Activity =
From the material below, please set down exactly the lines starting with the one with "Bikram Series - iSquared Hot Yoga Shorts" and going on through the one with "Picture of Paradise Dress Pastel Lilac", without a single picture.

Records for this task =

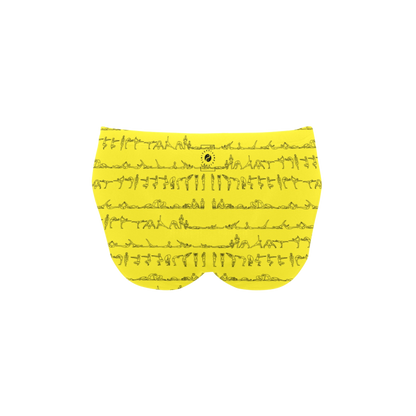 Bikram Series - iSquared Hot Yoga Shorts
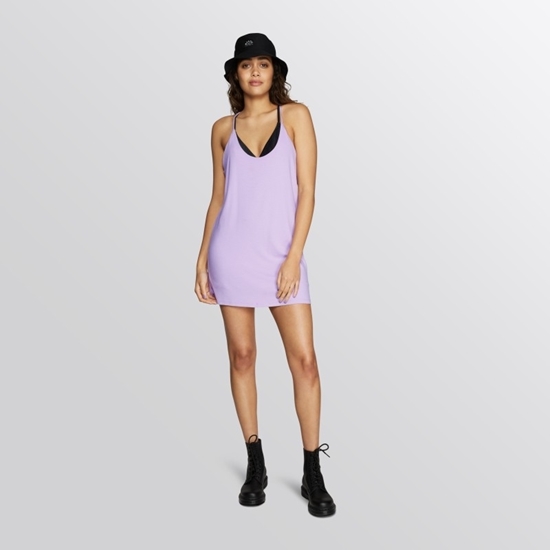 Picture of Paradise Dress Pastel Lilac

* * *

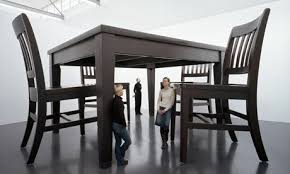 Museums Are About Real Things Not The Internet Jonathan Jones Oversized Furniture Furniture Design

...

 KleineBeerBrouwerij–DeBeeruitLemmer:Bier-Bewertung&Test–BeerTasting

Answer for the task =
 Bikram Series - iSquared Hot Yoga Shorts
 Picture of Paradise Dress Pastel Lilac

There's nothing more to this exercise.